Auditor's Fee: The fee for the auditor is proposed, for the period until the next Annual General Meeting, to be paid according to an invoice approved by the company.
Item 15: Election of Board Members and Chairman of the Board, as well as Auditor:
Re-election is proposed for the following current board members: Noora Jayasekara, Juha Mört, and Victor Saeijs.
New election is proposed for Sebastian Ehrnrooth and Suzaan Sauerman. Juha Mört is proposed as the chairman of the board.
Henri Österlund has declined re-election. The nomination committee thanks Henri Österlund for his contributions to the company.
Presentation of Proposed New Board Members:
Sebastian Ehrnrooth (born 1963) served as Managing Partner at Segulah Advisor AB from 2000 to 2015, and as a Partner from 2015 to 2023. Segulah Advisor AB is a Nordic mid-cap private equity firm where he led around 20 active investments in unlisted companies. Sebastian has previously worked at City Mail Sweden AB, Bain & Company, Motorola, and Åkerlund & Rausing. He holds an MBA from IMD (Switzerland) and a Master of Science in Industrial Engineering from Linköping University. He also holds a Bachelor's degree in History from Stockholm University. Sebastian serves as a board member of KP Komponenter A/S (Denmark), Beerenberg AS (Norway), Oy Flinkenberg AB (Finland), BS Kemi AB (Sweden), TopFormula Healthcare AB (Sweden), and Formica Capital AB (Sweden). Sebastian is a Swedish and Finnish citizen. He does not own any shares in Doro. He is considered independent in relation to the company's management and independent in relation to the major shareholders.
Suzaan Sauerman (born 1977) is the Head of Innovation & Growth Lab at the global mobile operator "3" (Hutchison 3G Enterprises SARL) based in Copenhagen.
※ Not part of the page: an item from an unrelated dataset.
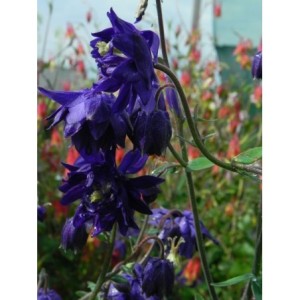 orlik pospolity (Aquilegia vulgaris) plena Blue Barlow- Świat bylin - sklep internetowy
Suzaan also works independently as a consultant in marketing and brand strategy, having worked for nearly a decade with several well-known international clients in consumer products and technology. She served as Chief Commercial Officer - Consumer Division at Telia (Denmark & Sweden) from 2019 to 2021, and as Senior Vice President - Lifestyle Audio Products at Bowers & Wilkins (USA) from 2017 to 2018. From 2010 to 2016, she was Vice President - Consumer Marketing at Jabra (Denmark), a leading manufacturer of audio products for mobility. Suzaan has held senior roles in marketing and channel strategies in several countries at Motorola and T-Mobile. She is a British and South African citizen. She does not own any shares in Doro. She is considered independent in relation to the company's management and independent in relation to the major shareholders.
Details on the proposed re-election are available on the company's website.
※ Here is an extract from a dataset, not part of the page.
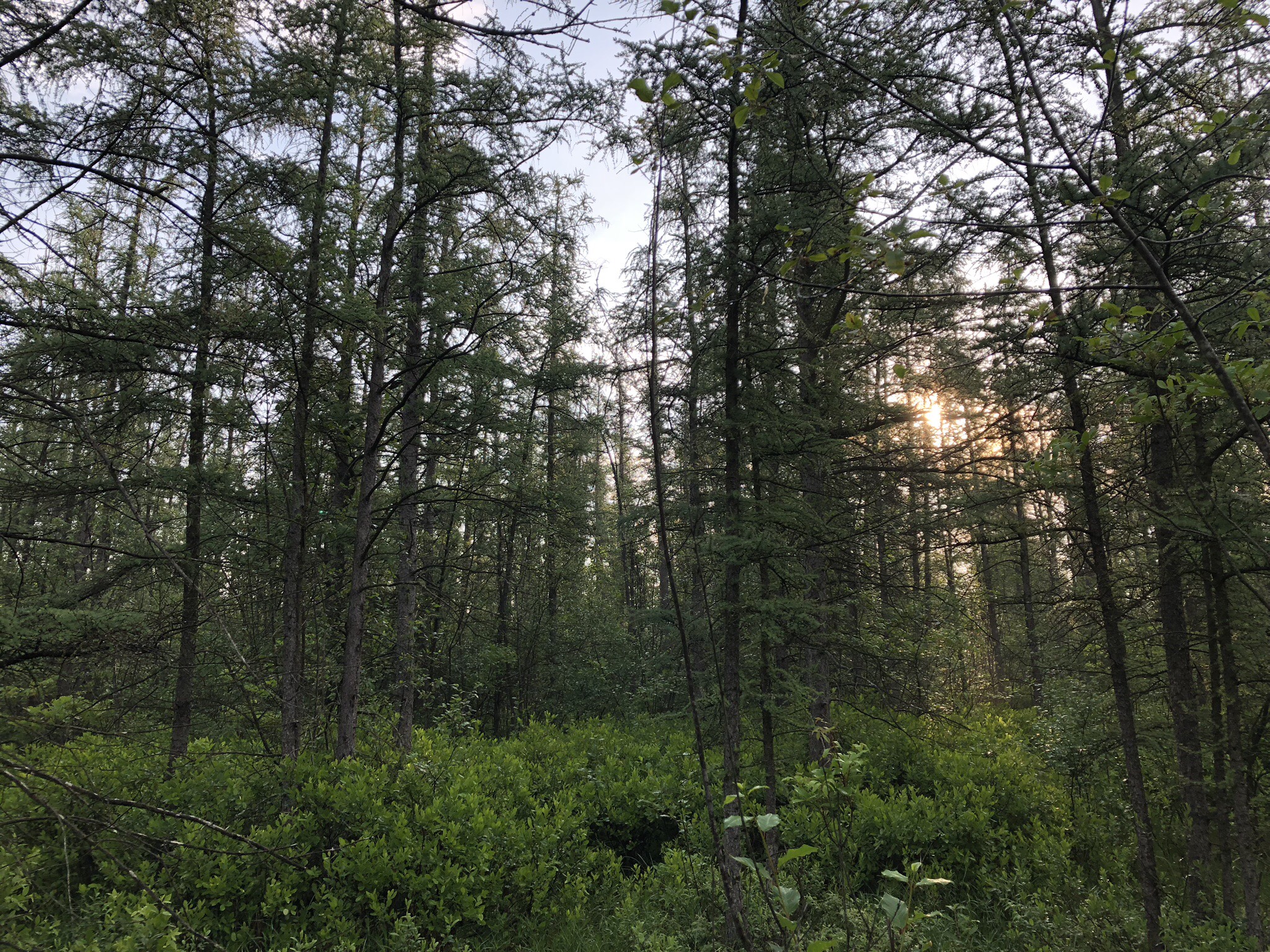 The beautiful, but intimidating to hikers, tamarack bog. Photo by Drew Harry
Auditor: Re-election is proposed for the authorized auditing firm PricewaterhouseCoopers for a term extending until the end of the next Annual General Meeting. Johan Rönnbäck continues as the principal auditor. The nomination committee's proposal is in line with the board's recommendation.
Item 16: Nomination Committee's Proposal for Decision on Principles for the Appointment of the Nomination Committee:
The nomination committee shall consist of three (3) members representing the company's three largest shareholders by voting rights. The chairman of the board shall be co-opted to the nomination committee.
The three largest shareholders shall be determined based on a list of registered shareholders provided by Euroclear Sweden AB as of the last trading day in September, and they will be contacted by the chairman of the board as soon as possible thereafter.
If any of the three largest shareholders choose to waive their right to appoint a representative to the nomination committee, or do not provide a response within one week after the aforementioned contact, the right shall pass to the shareholder, among the ten largest shareholders, with the next largest shareholding as of said date. At least two representatives are required. If, due to abstentions, three representatives are not appointed among the ten largest shareholders, a position shall remain vacant unless filled later by a representative of an eligible shareholder.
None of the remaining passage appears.